Tra le nomine dei capigruppo e la nuova segreteria, Schlein cerca di non scontentare nessuno ma nel Pd c'è già malumore

di Paola Alagia
Elly Schlein PD
Politica

Pd, Elly Schlein: dalle piazze ai palazzi

Un conto è la piazza e un altro la vita politica nei palazzi. Se sul primo fronte, è evidente, la neosegretaria del Pd, Elly Schlein, non teme rivali ed è riuscita a mettere nell’angolo persino i Cinque stelle che proprio dal movimentismo e dai vaffa hanno tratto linfa vitale, in Parlamento la musica cambia. Non a caso qui, a neanche un mese dalla proclamazione nei gazebo, la nuova leader comincia a fare un po’ di fatica. Intanto sul fronte dell’organigramma, ancora in gran parte da completare. Manca, innanzitutto, la segreteria. Al momento, come conferma una autorevole fonte dem ad AffariItaliani, però, non c’è traccia di alcuna convocazione della direzione per sciogliere questo primo nodo.  

E a seguire c’è da giocare per intero l’importante partita dei capigruppo di Montecitorio e Palazzo Madama, sulla quale per ora regna lo stallo. “E non è un problema secondario”, si sfogano col nostro giornale, “visto che da una salda guida dei gruppi discende pure una politica chiara”. Soprattutto, questo è il non detto, visto che a sedere in Aula sono eletti non scelti da Schlein. Antico problema che si ripropone sempre in casa Pd. Senza andare troppo lontano, ne sanno qualcosa gli ultimi segretari Enrico Letta e Nicola Zingaretti.
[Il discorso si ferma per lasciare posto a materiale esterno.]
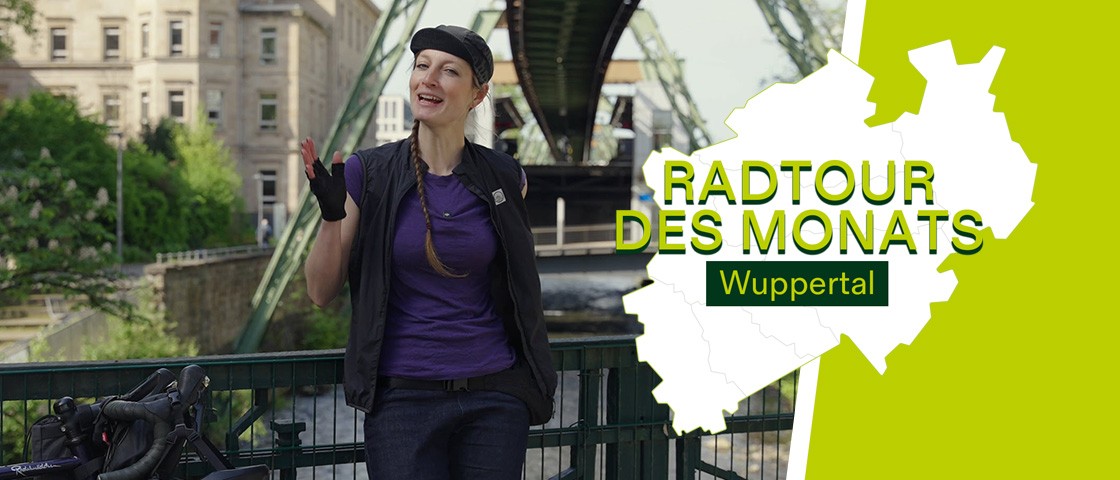 Radfahrerin steht vor Schwebebahn in Wuppertal. Daneben Schriftzug Radtour des Monats - Wuppertal | WestLotto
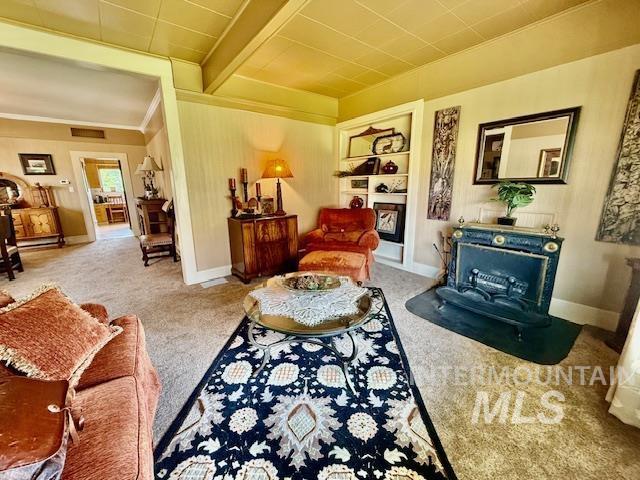 407 1st St, Asotin, WA 99402 - living area with carpet floors, a wood stove, ornamental molding, built in shelves, and beam ceiling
Motivo, quest’ultimo, per cui nella cerchia dei fedelissimi di Elly è forte il pressing perché “la segretaria faccia valere la vittoria della sua mozione”: “Se avesse vinto Bonaccini – argomenta un parlamentare vicino a Schlein – non si sarebbe fatto tutti questi problemi. Giustamente, c’è chi vince e c’è chi perde. Una vittoria avrà dunque un peso o no?”.
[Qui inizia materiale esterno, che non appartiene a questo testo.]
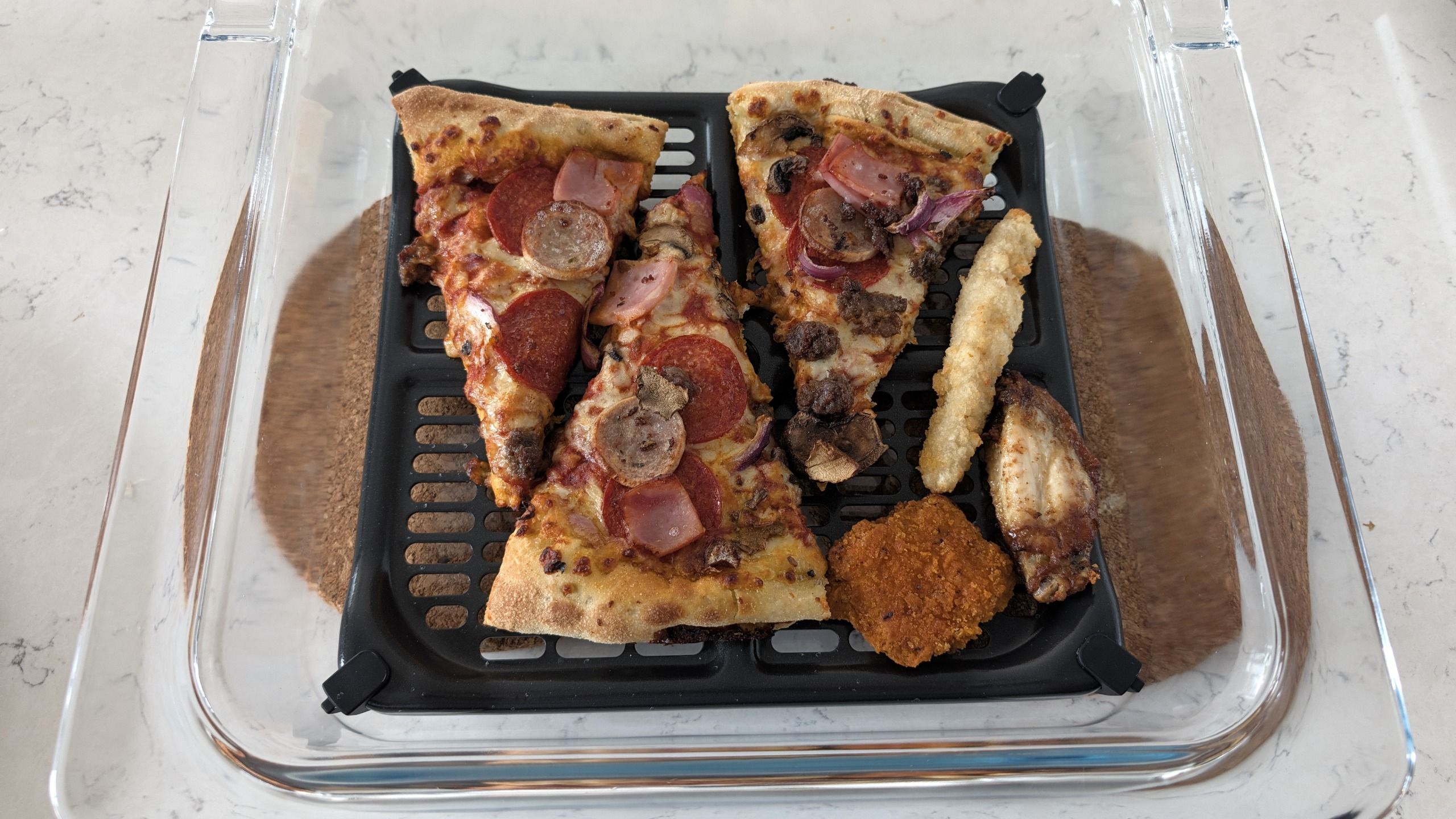 Pizza and snacks reheated using Ninja Crispi Microwave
Una linea di pensiero niente affatto isolata dalle parti della maggioranza dem che spinge per intestarsi le presidenze dei deputati e senatori democratici, lasciando, con Brando Benifei, il capogruppo al Parlamento europeo all’area Bonaccini. I nomi in pole, si sa, sarebbero Francesco Boccia per la guida del gruppo al Senato e Chiara Braga o Beppe Provenzano per quello alla Camera. Non è escluso, però, che la spunti qualche bonacciniano (si rincorrono i nomi di Alessandro Alfieri, che è stato portavoce della corrente Base riformista, o di Graziano Delrio per Palazzo Madama e di Simona Bonafè per Montecitorio).

La decisione finale spetta a Schlein. Una cosa è certa, però: qualunque essa sia, rischia di lasciare sul campo numerosi scontenti. Il fronte della minoranza, infatti, segue con attenzione la vicenda e la considera anche una sorta di test sulla leadership di Bonaccini: “Se non chiude un pacchetto in cui ci sia un equilibrio complessivo non solo nel partito, ma pure nel rapporto coi gruppi – si sfoga un parlamentare dietro garanzia di anonimato – è chiaro che potrebbero esserci problemi. Mettiamola così: è un passo importante, ragione per cui c’è un’attenzione che non è ancora tensione, ma potrebbe diventare tale”.

Un avviso a Bonaccini, ma pure alla stessa Schlein, visto che “non è mai accaduto che un segretario rovesciasse il tavolo in maniera drastica e automatica. Neanche il Renzi prima maniera pretese la sostituzione di Speranza da capigruppo. E lo stesso Letta lasciò poi la scelta all’autonomia dei gruppi”.

L’inquilina del Nazareno, però, ha le sue grane da affrontare pure sul piano più strettamente politico. C’è, tanto per cominciare, il sempreverde tema della guerra in Ucraina. Domani e mercoledì, infatti, la premier Giorgia Meloni è attesa in Parlamento in vista del Consiglio europeo del 23 e 24 marzo. Il Pd è alle prese con la stesura della sua risoluzione ma, per quanto voglia, Elly su questo terreno non può sconfessare il sostegno militare a Kiev.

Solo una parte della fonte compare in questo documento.